■ **Data shown**:
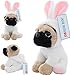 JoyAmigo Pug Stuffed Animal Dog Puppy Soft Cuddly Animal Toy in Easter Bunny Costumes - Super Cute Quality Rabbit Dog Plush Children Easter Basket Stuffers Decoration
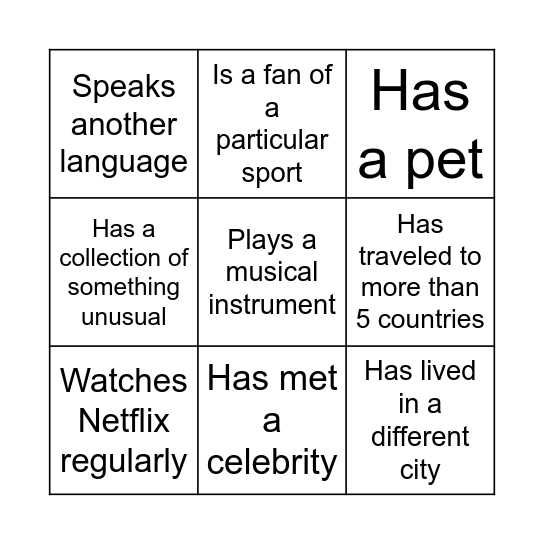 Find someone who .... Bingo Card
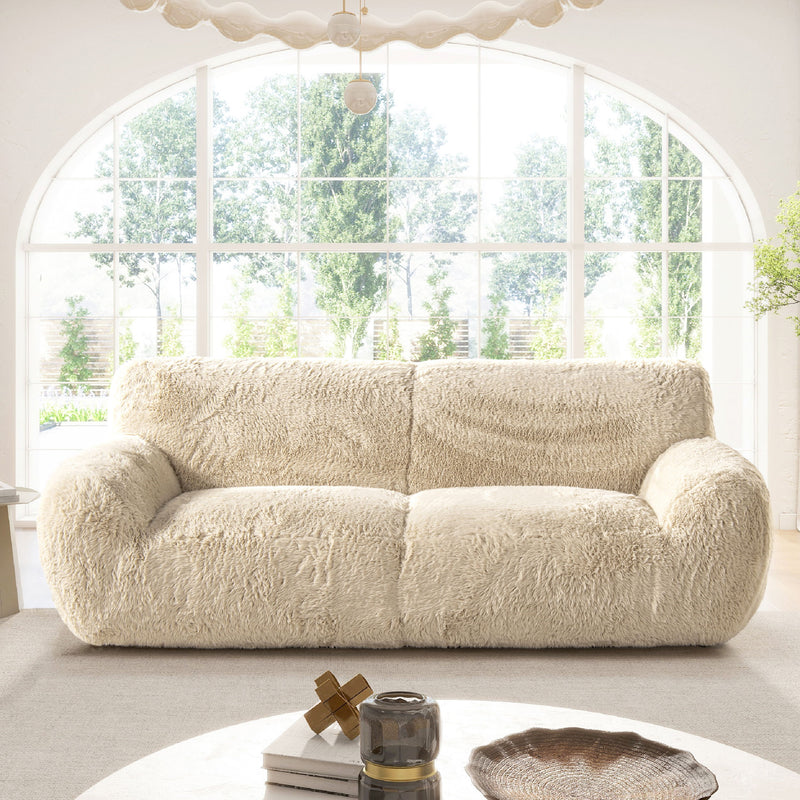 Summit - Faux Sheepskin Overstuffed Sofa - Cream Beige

--

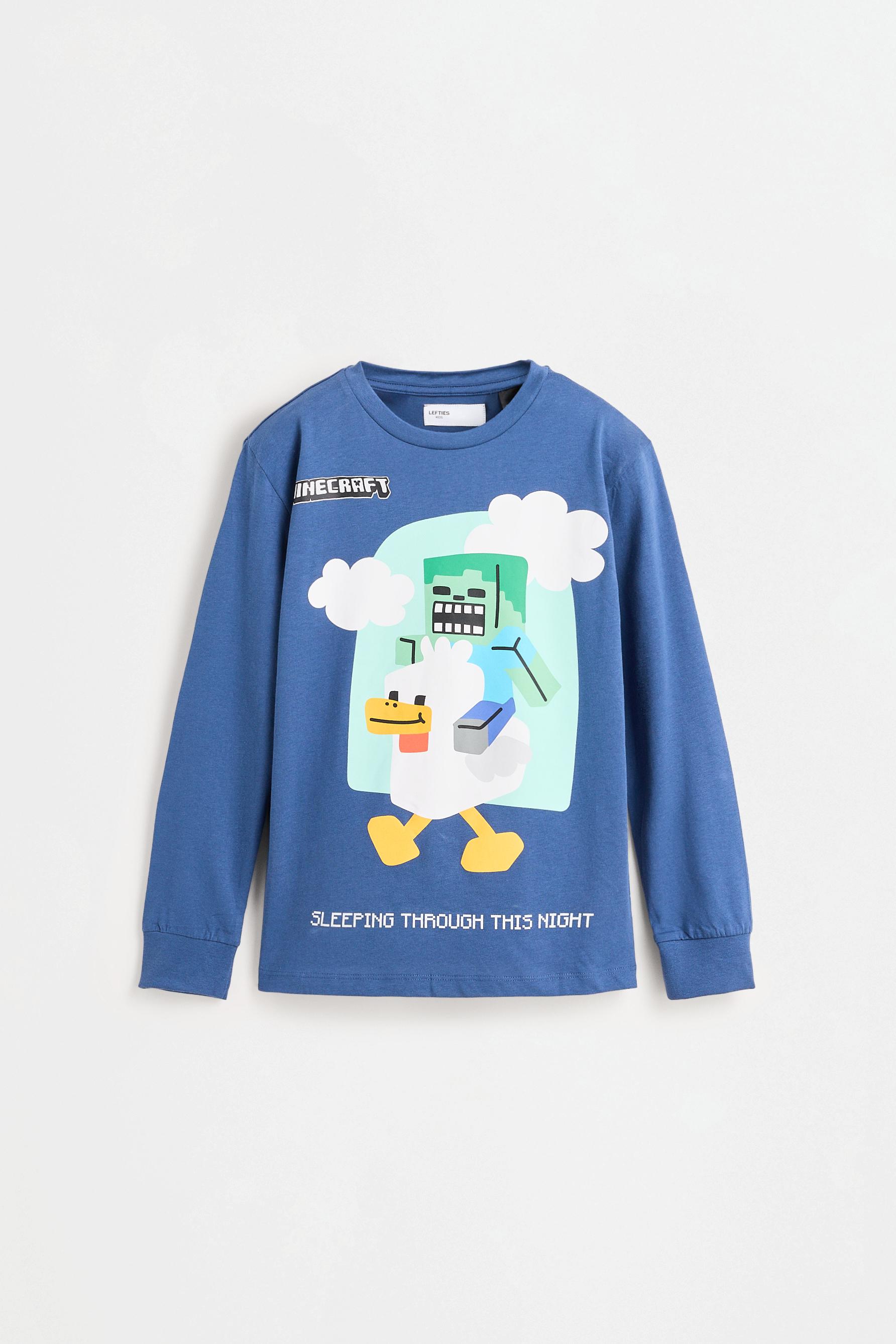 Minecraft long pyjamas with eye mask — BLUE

■ **Exercise requirements**:
Could you repeat, exactly, only the lines above starting at the one that has "JoyAmigo Pug Stuffed" and stopping after the one that has "Summit - Faux", without the pictures?

■ **Answer below**:
 JoyAmigo Pug Stuffed Animal Dog Puppy Soft Cuddly Animal Toy in Easter Bunny Costumes - Super Cute Quality Rabbit Dog Plush Children Easter Basket Stuffers Decoration
 Find someone who .... Bingo Card
 Summit - Faux Sheepskin Overstuffed Sofa - Cream Beige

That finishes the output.